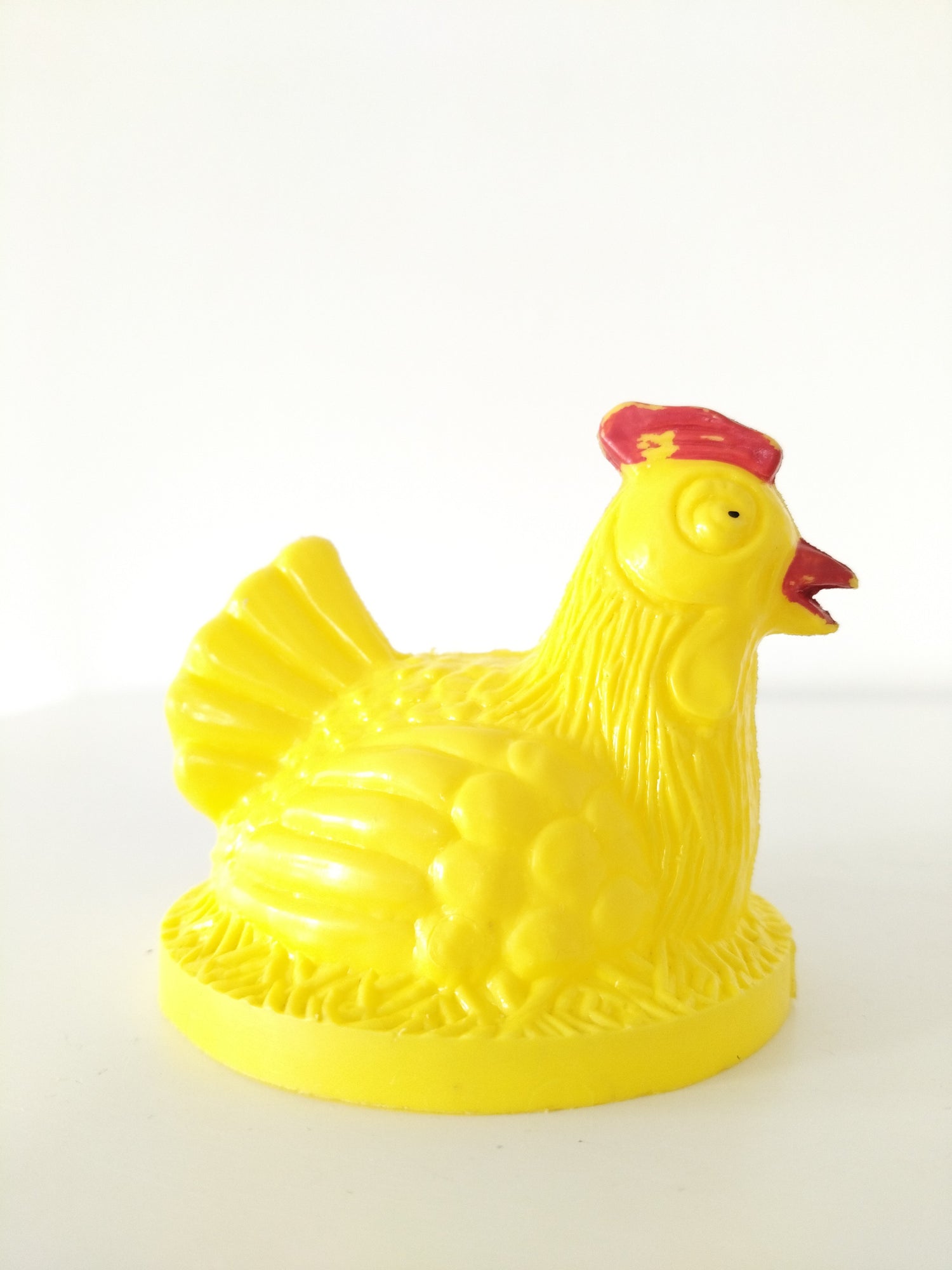 Déco de Pâques poule en plastique - cetaitmieuxavant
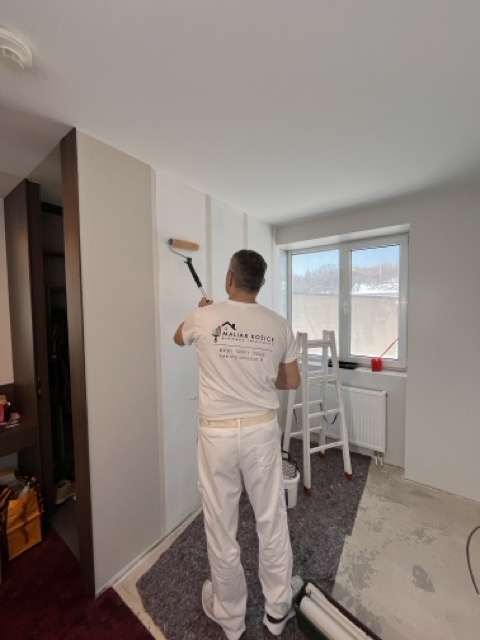 Maľovanie a tapetovanie izieb v hoteli ROCA v Košiciach 1165919823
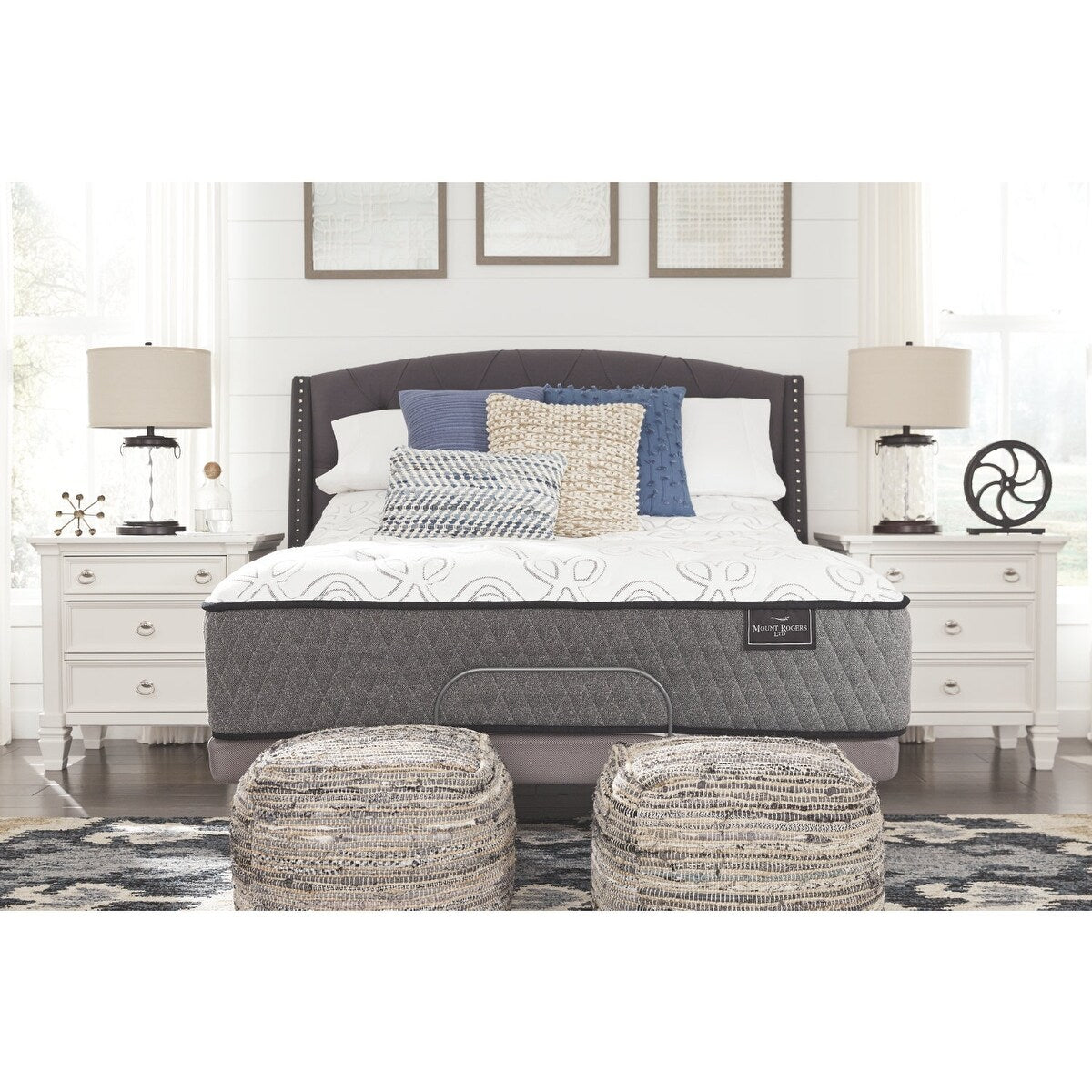 Materasso King California bianco Signature Design by Ashley Mt Rogers Ltd Plus da 15 pollici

--------------------------------

Reproduce the data above exactly, leaving each picture out.

 Déco de Pâques poule en plastique - cetaitmieuxavant
 Maľovanie a tapetovanie izieb v hoteli ROCA v Košiciach 1165919823
 Materasso King California bianco Signature Design by Ashley Mt Rogers Ltd Plus da 15 pollici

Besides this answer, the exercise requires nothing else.